I terminali dell’Iran, quarto produttore al mondo, si trovano al suo interno, trasferiti dall’isolotto di Kharg su quello di Larak, in seguito agli attacchi dell’Iraq. Se pure gli Stati Uniti hanno diminuito il consumo di greggio dal medio oriente, hanno investito in basi militari nel Qatar e nel Bahrein, dove è stanziata la quinta flotta americana. Queste sono accessibili solo dallo stretto, il cui punto più angusto di 6.5 chilometri, si trova a ridosso della costa iraniana.
I fatti del 2019, con il sequestro del mercantile Grace-1, da parte britannica, su mandato statunitense, per il sospetto di traffico di petrolio, in violazione delle disposizioni dell’Unione Europea, e quello dell’inglese Stena Impero, da parte iraniana, per presunta infrazione del codice marittimo, affondano le radici in un passato non lontano. Il confronto tra i due paesi risale al 1987, quando gli Stati Uniti intervennero nel conflitto tra l’Iran e l’Iraq, per prevenire aggressioni alle navi cisterna del Kuwait. Nel 1988, ebbe luogo la guerra delle petroliere, nel corso della quale vennero silurati incrociatori iraniani. Annunci di blocco dello stretto, provocazioni, incidenti e rappresaglie, si sono susseguiti in forma reciproca.
La sicurezza del golfo Persico è importante per gli Stati Uniti per ragioni geopolitiche, piuttosto che energetiche, e questa si gioca a Hormuz. L’Iran, dal canto suo, ha imparato dalla storia che può acquisire una posizione negoziatrice con gli Stati Uniti con azioni di disturbo e sabotaggio ai cargo. In tempi di pesanti e rinnovate misure coercitive contro la commercializzazione del petrolio iraniano, la repubblica islamica, le cui entrate statali dipendono per circa l’80 per cento dalla materia prima, ha cercato di aprirsi un varco nella campagna di massima pressione dell’amministrazione Trump.
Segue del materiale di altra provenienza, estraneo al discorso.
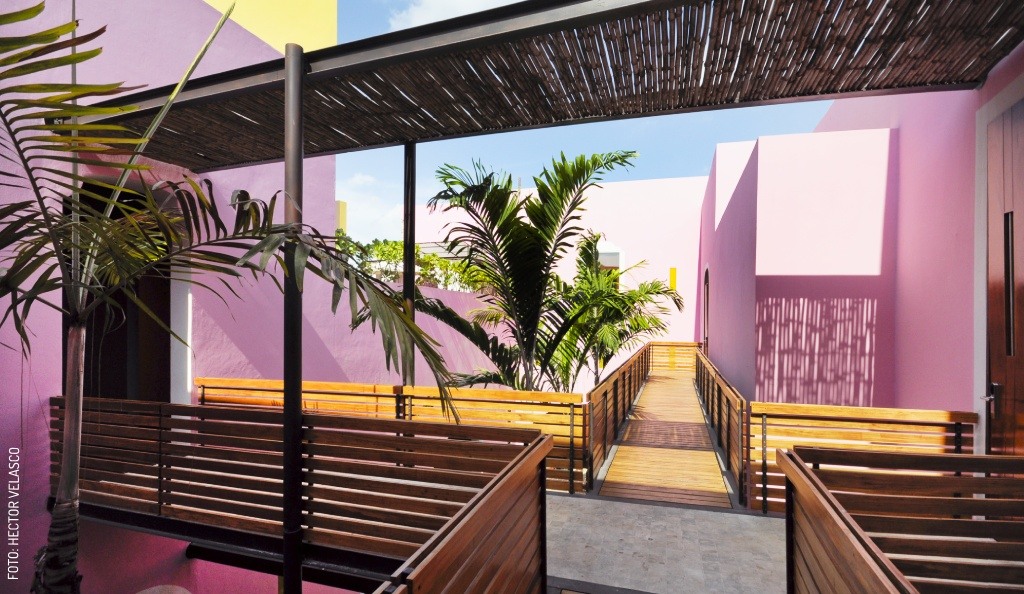 2411 Rosas & Xocolate Pasillos by Hector Velasco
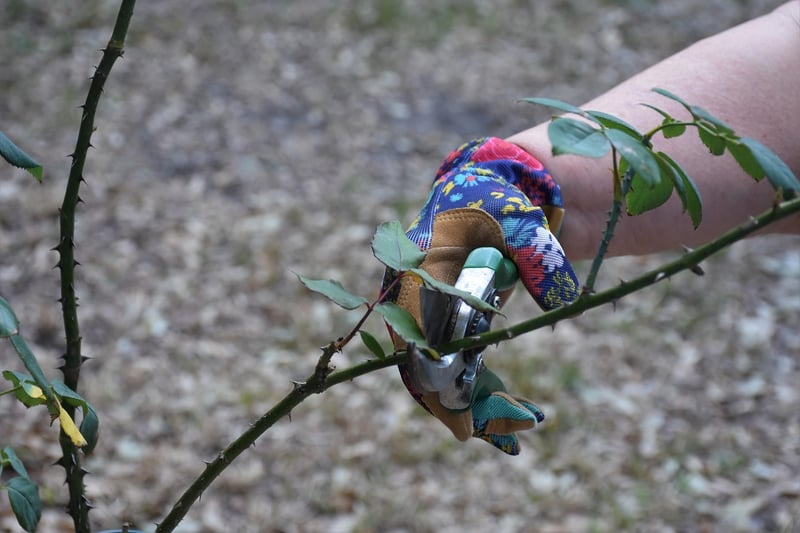 Pruning and Trimming Techniques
Sebbene le leggi internazionali garantiscano la libertà di transito, questo è un teatro insidioso. Dopo il protettorato del Regno Unito, protrattosi dal 1820 al 1970, e le rivendicazioni cadute nel vuoto della Persia, nessuno ne controlla l’interezza del territorio. Lo stretto di Hormuz rimane una delle zone più instabili del pianeta, caratterizzato dalla presenza di un mosaico di fazioni avverse.